I’m sat on a rather uncomfortable chair in a row of people waiting. It puzzles me why after thousands of years of making chairs we still don’t know how to make ones that are comfortable.
It’s Saturday lunchtime and the place is packed. We are in rows in one corner having booked ourselves in at the entrance.
There are young people some of them looking nervous, others looking a bit lost. There are older people mostly relaxed. It makes a change for the young to be the nervous ones.
Some of us are drinking water, others cheap squash out of large disposable plastic cups.
All of the usual waiting distractions are being employed: chattering, newspapers, out of date magazines, romantic novels, card games on mobile phones. Other’s have entered that semi-docile state that waiting induces.
It a large village hall where the decorations are looking a bit tired. Someone replaced the blinds at the windows in recent times, but didn’t bother to fill in the holes left by the ones they removed. There’s a stage and some spotlights that look like they were last used for some wonderfully under-produced and over-practiced amateur dramatics. There’s a certain comfort to these places. They’re all looked after by different groups of people and yet have the same feeling to them.
Occasionally a name is read out and one of our number leaves to another part of the hall. Others come to fill their place in the rows.
We’re all waiting for our journey into one of the little cloth cubicle for the initial interview and tests. It’s there that many of us will imagine the famous Hancock scene and repeat to ourselves the words “I don’t mind giving a reasonable amount, but a pint? Why, that’s very nearly an armful!”.
The theme tune to Rocky is playing on the radio. It doesn’t seem appropriate for this crew of wonderfully ordinary Lancashire folk.

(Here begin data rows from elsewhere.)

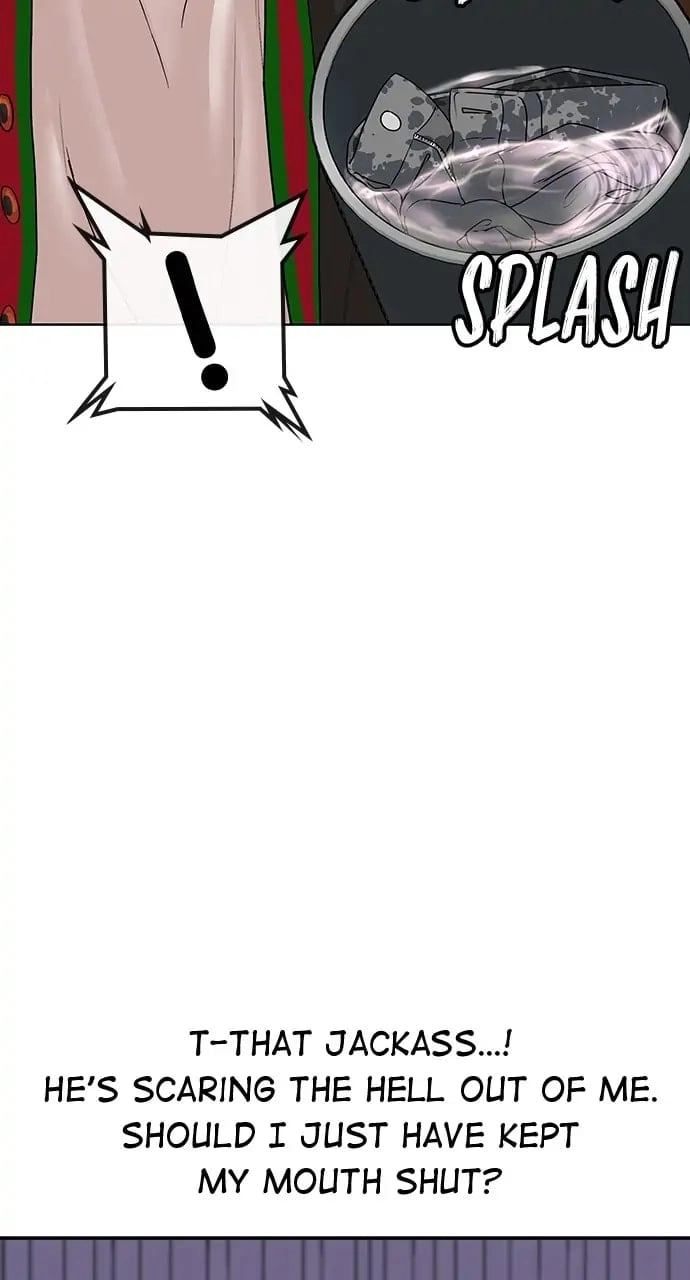 Reality Quest 2 Chapter 2 - Page 174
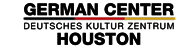 German Center Houston Logo
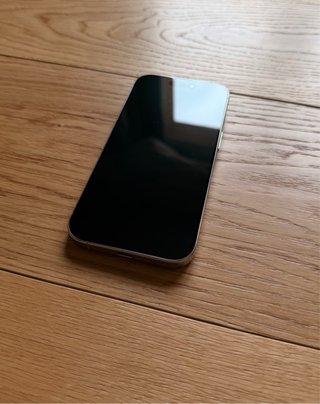 iPhone 16 Pro Max 512GB NUOVO
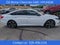 2022 Honda Accord Sedan Sport 1.5T CVT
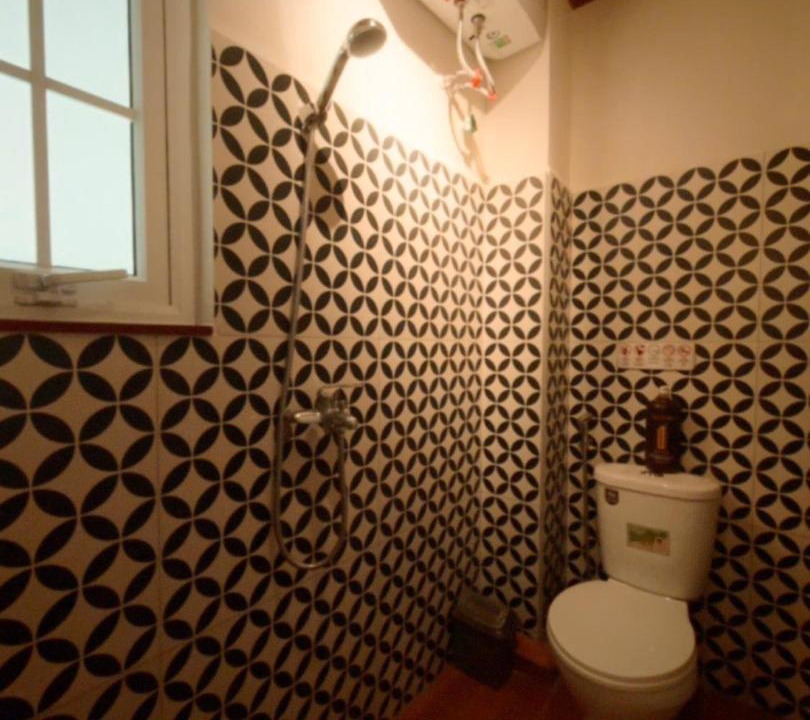 Photo of Bathroom in Thanh Xuan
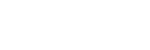 Shangpree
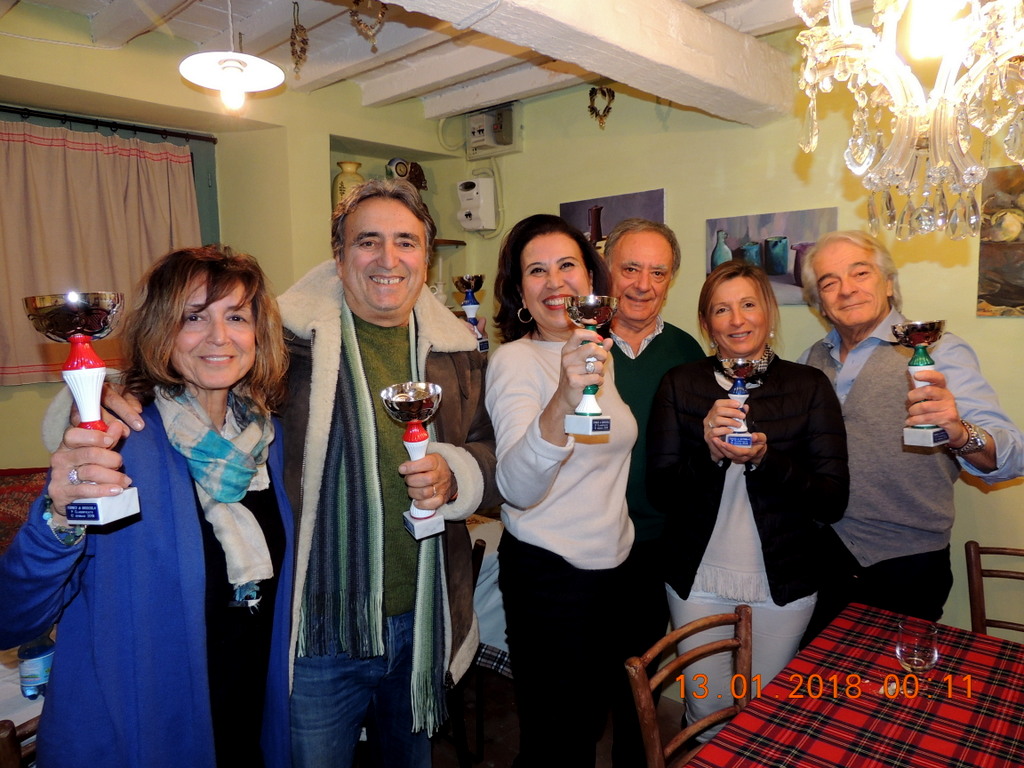 Foto n.26 - (Cliccare per chiudere la finestra)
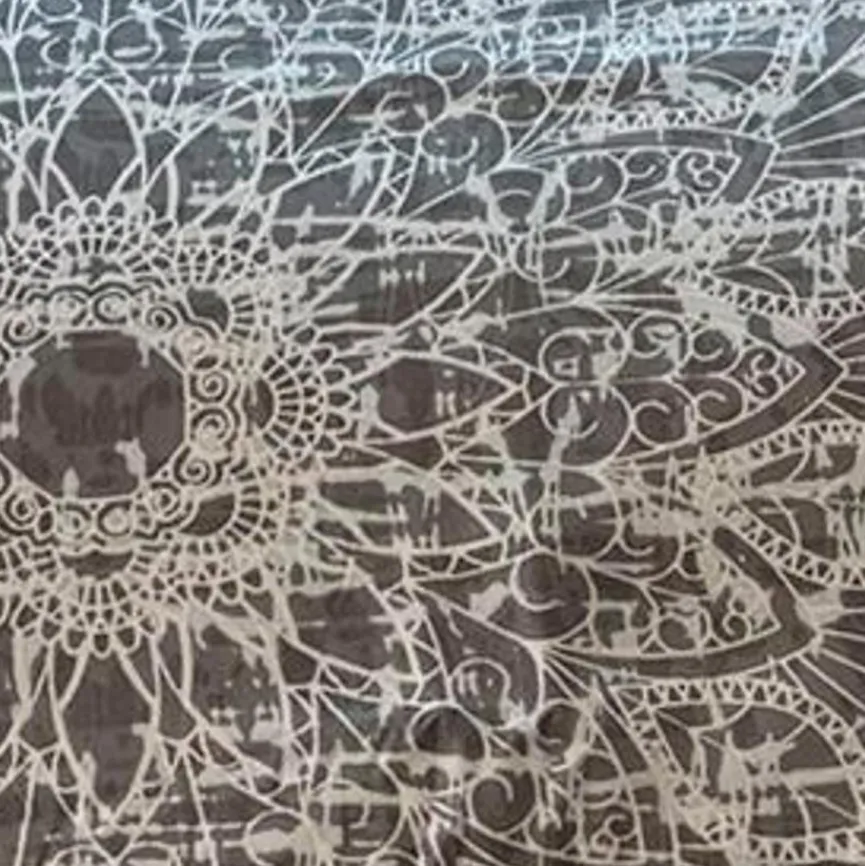 Betten Duscher Bettwäsche|Bettwäsche Lanzarote 135 x 200 cm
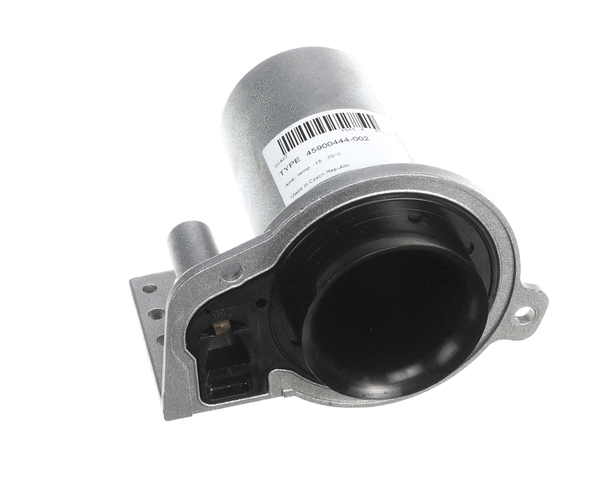 HENNY PENNY PARTS MM201182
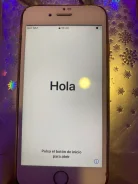 Apple iPhone 6s. �/�, ������� ����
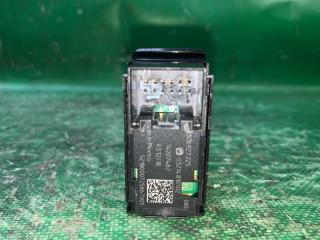 Кнопка стояночного тормоза ATLAS 17 -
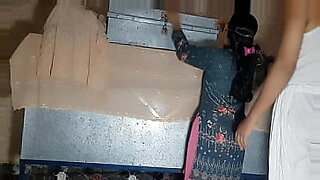 video xxx puran china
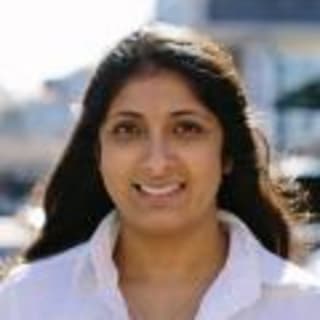 Veena Korah, MD, Family Medicine, Chicago, IL, Swedish Hospital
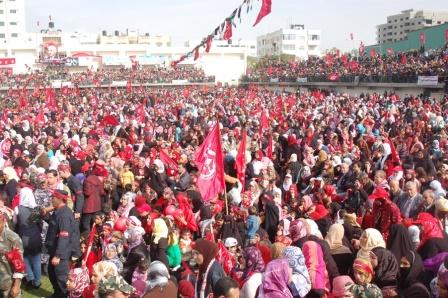 http://www.pflp.ps/english/files/images/gaza-rally.jpg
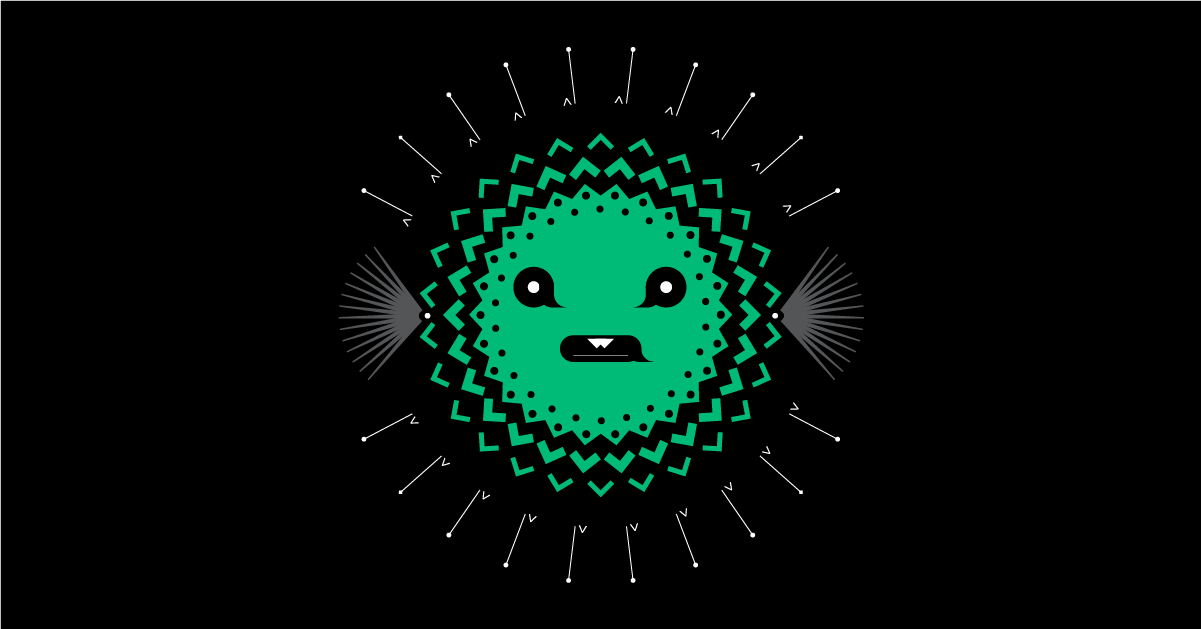 AI agent exploits Langflow in first fully autonomous ransomware attack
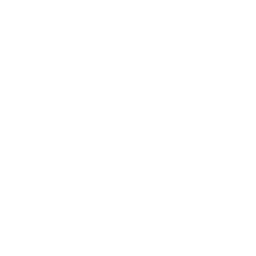 The Harder They Fall - Star Wars Galactic Racer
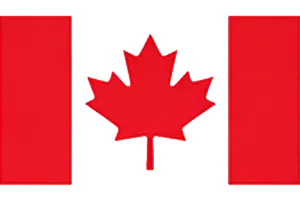 1canada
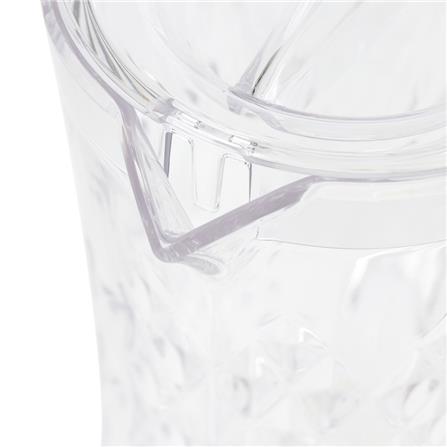 เหยือก SAN DIAMOND 1.62 ลิตร_3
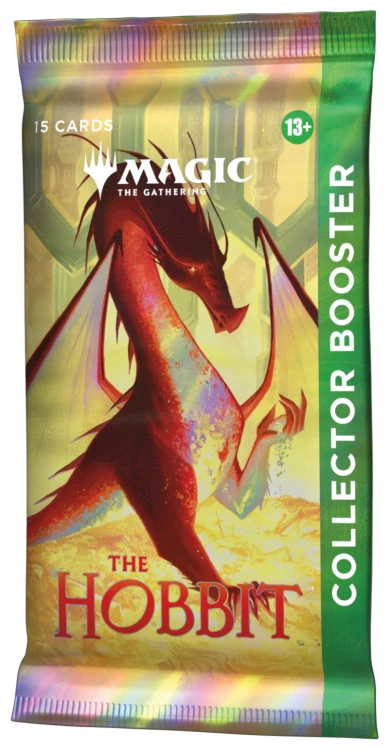 MtG-Hobbit-Collector-Booster-01-03.png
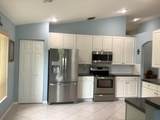 7007 Ashton Street - Photo 11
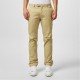 панталони,тип,чино,мъжки,панталони,тип,чино,polo,ralph,lauren,flat,chino,trousers,classic,khaki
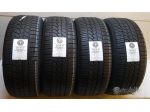 4 gomme 265 50 19 continental a39952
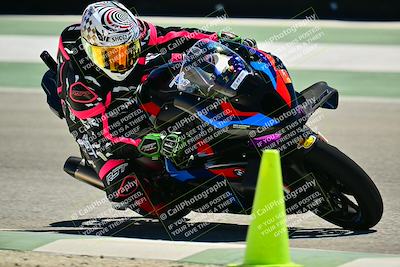 media/Sep-07-2025-TrackXperience (Sun) [[ee17e62fad]]/Level 3/Session 5 (Turns 2 3 and 4)/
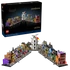 Kép 6/6 - LEGO® Harry Potter - Az Abszol út™ varázslatos üzletei (76444)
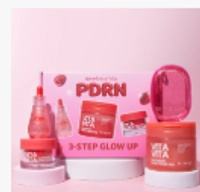 2176769226250321fc60114eb7.png?f=webp&w=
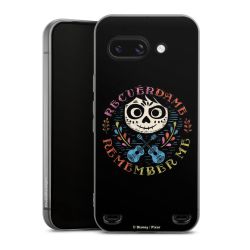 Premium Carry Case Hülle Mattweiss ohne Band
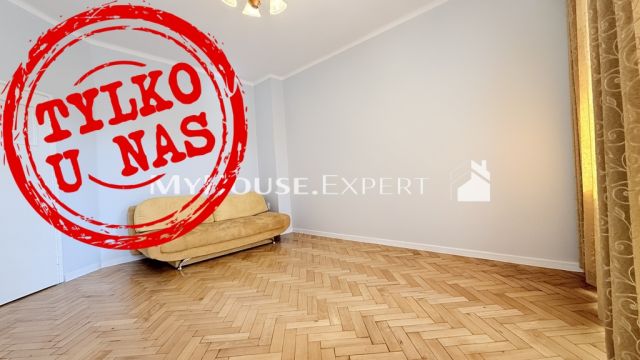 Mieszkanie 2-pokojowe Gorzów Wielkopolski, ul. Ewarysta Estkowskiego. Zdjęcie 1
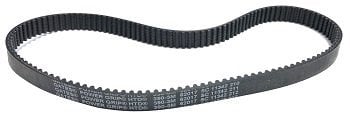 390-3M-9 PAN BELT FOR HYDRO WASH X19 Z-3022000340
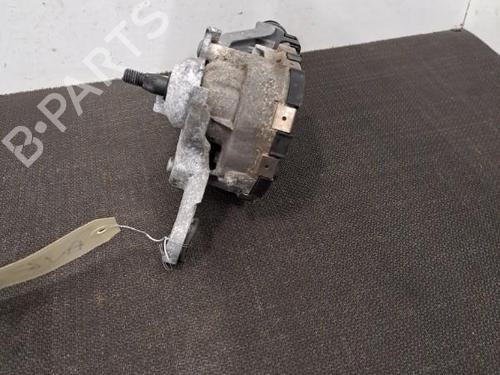 Used Front wiper motor Front wiper motor FORD FOCUS III 1.0 EcoBoost (100 hp) 28401865 28401865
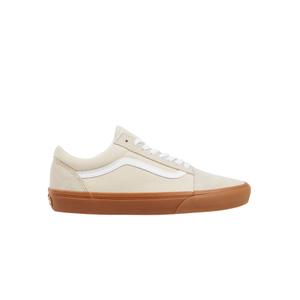 vn000d3h2lh-sapatos-de-skate-vans-old-skool-bege-44-5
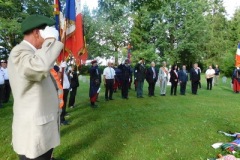Virton-2023-credit-photos-Isabelle-Garnier0122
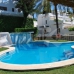 Marbella property: 2 bedroom Apartment in Marbella, Spain 276581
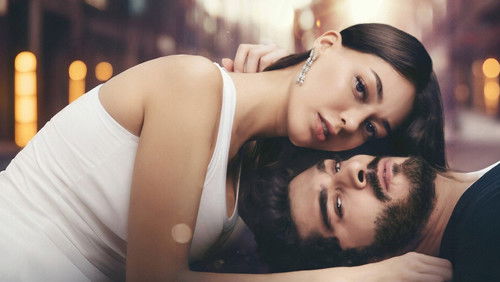 Yarım Kalan Aşklar 1.Sezon 2.Bölüm izle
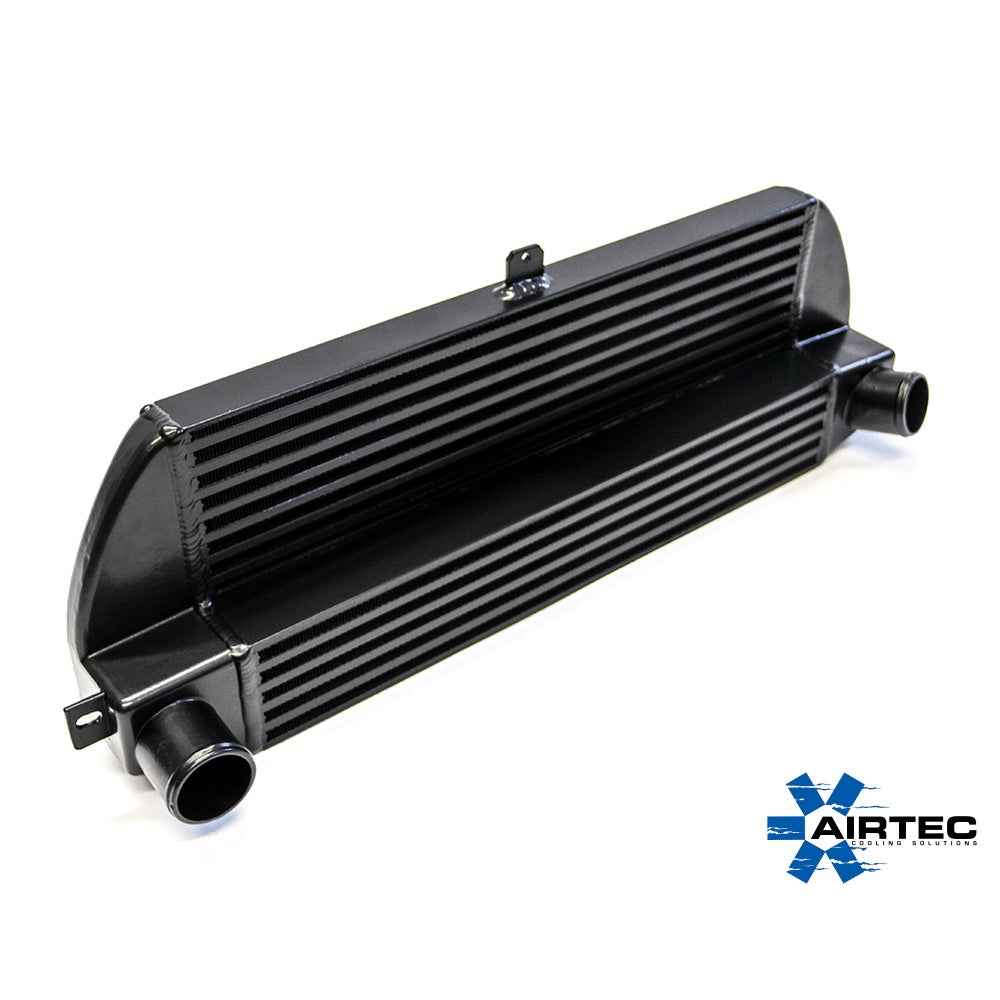 Mini Cooper S R56 AIRTEC Motorsport Stage 2 Intercooler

In the fullness of time each of us will make our way to the fancy new reclining chairs or one of the wartime metal beds and the machines that will be attached to our arms to take our pint.
We’ll finish our experience with a conversation over at the tea and coffee table. there we’ll book ourselves in for another appointment of the same and leave.
We are all here to give something of ourselves, but why? There’s no payment. We’re not doing it for the fun of it. Who would choose to have a needle stuck in there arm for fun on a Saturday lunchtime. There’s no law to tell us to do it.
Yet there are many reasons why we give.
I’m sure for some it’s personal; they give because someone they love has needed the services of the donors and they realise how important it is. Others, I suspect, give because of a sense of duty, back to Hancock “I came here in all good faith, to help my country.”
I don’t think it’s either of those things that draws me to this place. I think I give because I’m a member of a society, a community, a people, and I give for our collective good. I give out of a sense of serving the community. There may be a time when I need the community to look after me. I know that there are people who need my help now.
None of these people will receive public acclaim. They’re a quiet group on the whole the donors.
In my view it’s not the Gross Domestic Product of a nation that is the true measure of it’s worth. It’s these selfless servants who are the true measure of a society.
He sat down and summoned the Twelve. “So you want first place? Then take the last place. Be the servant of all.”